__Work to be completed__
Below are some records. Copy every line in them that holds "Package".

__Data provided__
---

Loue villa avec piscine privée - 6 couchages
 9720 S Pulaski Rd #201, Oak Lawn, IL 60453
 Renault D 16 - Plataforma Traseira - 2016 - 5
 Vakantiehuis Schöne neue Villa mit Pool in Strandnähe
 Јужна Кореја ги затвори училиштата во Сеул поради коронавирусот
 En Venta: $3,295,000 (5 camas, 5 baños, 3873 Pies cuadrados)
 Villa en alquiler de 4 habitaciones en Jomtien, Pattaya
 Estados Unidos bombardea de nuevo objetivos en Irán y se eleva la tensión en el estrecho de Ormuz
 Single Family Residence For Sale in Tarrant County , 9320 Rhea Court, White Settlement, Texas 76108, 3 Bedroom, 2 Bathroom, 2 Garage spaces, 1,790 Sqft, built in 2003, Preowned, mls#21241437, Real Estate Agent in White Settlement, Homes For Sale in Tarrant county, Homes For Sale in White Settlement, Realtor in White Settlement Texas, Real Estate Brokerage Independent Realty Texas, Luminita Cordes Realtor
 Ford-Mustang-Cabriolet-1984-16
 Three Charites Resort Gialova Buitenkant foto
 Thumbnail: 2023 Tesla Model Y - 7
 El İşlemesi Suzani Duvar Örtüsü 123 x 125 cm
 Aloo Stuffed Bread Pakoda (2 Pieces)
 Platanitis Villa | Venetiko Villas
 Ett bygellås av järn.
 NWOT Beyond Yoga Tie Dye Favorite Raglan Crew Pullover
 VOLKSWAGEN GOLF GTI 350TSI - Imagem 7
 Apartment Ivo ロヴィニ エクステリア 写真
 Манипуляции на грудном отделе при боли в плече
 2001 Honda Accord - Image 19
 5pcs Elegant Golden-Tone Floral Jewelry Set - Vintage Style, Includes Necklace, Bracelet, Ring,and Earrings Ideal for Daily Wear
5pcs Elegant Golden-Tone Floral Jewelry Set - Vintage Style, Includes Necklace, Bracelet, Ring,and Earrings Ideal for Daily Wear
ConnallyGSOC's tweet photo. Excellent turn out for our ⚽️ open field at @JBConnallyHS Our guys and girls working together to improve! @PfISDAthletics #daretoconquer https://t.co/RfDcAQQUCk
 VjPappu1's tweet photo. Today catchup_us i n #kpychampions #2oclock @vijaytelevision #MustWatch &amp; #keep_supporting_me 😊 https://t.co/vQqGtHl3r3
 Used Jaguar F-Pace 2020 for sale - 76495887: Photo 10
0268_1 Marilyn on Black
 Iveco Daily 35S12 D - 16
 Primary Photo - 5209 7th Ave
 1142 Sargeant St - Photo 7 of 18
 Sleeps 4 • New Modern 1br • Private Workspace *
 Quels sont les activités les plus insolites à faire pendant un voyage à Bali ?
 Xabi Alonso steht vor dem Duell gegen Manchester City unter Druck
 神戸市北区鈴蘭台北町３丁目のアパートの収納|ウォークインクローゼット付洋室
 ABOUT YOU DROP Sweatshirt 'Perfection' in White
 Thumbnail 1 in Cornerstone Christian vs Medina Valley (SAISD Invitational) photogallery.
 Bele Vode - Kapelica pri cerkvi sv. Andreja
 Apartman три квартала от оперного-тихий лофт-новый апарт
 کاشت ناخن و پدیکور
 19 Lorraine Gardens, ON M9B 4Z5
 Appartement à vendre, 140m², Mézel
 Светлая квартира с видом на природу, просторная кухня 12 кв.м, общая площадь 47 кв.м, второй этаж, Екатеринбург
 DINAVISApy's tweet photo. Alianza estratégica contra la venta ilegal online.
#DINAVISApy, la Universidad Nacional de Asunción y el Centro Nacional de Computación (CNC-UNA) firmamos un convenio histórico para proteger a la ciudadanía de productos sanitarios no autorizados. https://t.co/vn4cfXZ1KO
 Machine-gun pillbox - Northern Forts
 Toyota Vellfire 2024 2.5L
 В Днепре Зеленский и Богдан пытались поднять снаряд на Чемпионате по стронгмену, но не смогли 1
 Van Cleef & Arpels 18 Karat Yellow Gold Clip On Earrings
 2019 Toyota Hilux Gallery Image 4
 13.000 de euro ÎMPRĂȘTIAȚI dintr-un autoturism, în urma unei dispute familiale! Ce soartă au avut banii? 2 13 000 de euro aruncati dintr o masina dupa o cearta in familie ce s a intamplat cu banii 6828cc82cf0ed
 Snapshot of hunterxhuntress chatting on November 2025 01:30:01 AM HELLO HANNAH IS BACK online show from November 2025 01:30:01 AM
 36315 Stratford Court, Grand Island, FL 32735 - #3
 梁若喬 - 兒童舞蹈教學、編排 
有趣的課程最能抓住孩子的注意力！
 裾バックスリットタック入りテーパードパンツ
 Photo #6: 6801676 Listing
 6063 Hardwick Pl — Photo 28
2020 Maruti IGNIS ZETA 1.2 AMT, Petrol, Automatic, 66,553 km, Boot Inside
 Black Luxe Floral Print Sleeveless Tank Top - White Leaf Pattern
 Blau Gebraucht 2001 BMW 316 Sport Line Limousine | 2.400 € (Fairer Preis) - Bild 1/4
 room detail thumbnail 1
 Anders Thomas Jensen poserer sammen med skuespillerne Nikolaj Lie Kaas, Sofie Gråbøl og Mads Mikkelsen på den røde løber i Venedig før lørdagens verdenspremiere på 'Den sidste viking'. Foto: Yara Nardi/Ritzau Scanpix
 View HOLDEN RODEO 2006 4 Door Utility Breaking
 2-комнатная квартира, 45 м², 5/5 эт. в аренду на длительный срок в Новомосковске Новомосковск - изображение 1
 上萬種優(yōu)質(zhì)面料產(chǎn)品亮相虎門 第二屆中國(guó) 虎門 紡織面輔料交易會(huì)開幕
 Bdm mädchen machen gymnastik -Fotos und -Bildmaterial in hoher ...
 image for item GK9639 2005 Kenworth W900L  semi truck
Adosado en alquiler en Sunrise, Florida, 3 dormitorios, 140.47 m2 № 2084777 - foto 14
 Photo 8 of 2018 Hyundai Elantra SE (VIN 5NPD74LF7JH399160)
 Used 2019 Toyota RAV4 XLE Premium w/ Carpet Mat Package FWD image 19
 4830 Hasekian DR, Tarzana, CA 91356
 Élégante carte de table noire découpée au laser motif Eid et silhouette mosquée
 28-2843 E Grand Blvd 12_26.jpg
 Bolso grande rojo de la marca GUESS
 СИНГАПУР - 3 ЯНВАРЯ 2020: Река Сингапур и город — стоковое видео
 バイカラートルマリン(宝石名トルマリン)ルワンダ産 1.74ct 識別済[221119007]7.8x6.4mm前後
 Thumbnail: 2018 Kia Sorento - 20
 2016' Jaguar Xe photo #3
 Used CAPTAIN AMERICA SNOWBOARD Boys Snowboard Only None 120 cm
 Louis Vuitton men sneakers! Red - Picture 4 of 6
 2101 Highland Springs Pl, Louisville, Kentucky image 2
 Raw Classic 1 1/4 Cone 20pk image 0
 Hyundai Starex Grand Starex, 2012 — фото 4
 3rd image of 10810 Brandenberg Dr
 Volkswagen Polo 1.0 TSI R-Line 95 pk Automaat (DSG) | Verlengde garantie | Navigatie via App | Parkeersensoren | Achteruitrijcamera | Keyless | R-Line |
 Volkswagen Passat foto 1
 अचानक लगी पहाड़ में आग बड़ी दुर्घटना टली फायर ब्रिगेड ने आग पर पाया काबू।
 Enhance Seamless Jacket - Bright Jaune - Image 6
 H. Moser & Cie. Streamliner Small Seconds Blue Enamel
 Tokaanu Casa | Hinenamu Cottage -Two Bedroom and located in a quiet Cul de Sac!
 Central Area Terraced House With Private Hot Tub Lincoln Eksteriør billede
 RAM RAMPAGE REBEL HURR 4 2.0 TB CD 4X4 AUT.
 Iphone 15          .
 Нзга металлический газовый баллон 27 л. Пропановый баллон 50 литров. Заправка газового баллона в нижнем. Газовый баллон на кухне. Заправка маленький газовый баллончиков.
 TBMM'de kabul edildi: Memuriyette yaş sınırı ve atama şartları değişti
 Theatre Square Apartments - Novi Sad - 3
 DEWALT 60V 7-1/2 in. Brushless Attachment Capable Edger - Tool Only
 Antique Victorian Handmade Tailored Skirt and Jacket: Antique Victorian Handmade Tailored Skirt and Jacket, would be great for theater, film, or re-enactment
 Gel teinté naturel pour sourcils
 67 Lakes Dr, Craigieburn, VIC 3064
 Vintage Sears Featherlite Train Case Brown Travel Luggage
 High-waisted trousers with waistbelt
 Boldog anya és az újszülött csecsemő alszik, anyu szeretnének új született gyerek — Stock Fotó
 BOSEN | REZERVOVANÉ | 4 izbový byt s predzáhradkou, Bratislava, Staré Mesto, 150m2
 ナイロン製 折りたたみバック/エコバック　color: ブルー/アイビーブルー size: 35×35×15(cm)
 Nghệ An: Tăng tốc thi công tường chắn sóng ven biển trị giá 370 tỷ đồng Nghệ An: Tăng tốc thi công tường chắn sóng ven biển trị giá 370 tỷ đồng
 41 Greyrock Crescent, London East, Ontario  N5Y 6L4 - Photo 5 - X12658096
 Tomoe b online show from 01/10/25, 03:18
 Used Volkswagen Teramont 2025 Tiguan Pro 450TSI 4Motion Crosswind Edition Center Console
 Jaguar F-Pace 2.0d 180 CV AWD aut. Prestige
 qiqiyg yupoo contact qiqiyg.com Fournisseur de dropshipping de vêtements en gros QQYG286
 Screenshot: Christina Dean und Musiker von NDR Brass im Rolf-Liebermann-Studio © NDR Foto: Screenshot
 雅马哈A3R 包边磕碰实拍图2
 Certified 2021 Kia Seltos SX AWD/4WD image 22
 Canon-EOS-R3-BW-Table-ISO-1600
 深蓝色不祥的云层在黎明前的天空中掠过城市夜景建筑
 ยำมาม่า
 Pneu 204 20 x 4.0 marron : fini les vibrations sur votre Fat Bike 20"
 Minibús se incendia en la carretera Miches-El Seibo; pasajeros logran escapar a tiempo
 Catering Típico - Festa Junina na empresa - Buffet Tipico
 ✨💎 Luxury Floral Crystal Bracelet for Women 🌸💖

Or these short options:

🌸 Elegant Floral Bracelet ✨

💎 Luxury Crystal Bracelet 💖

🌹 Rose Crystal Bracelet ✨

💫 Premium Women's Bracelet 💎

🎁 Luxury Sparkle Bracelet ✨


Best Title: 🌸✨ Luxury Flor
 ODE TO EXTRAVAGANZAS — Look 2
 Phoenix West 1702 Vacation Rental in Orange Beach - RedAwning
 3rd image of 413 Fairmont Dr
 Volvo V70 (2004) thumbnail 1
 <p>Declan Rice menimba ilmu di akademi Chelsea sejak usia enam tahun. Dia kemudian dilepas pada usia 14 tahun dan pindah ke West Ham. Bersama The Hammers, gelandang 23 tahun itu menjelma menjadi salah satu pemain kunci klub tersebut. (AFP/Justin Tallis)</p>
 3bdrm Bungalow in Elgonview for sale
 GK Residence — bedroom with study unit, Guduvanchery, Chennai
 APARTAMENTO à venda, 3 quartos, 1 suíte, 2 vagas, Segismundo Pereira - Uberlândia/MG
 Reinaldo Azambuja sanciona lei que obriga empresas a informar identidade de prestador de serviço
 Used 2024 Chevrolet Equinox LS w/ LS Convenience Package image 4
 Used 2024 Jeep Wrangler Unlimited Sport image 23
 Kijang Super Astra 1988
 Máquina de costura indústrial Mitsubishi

---

__Solution for this exercise__
 Used 2019 Toyota RAV4 XLE Premium w/ Carpet Mat Package FWD image 19
 Used 2024 Chevrolet Equinox LS w/ LS Convenience Package image 4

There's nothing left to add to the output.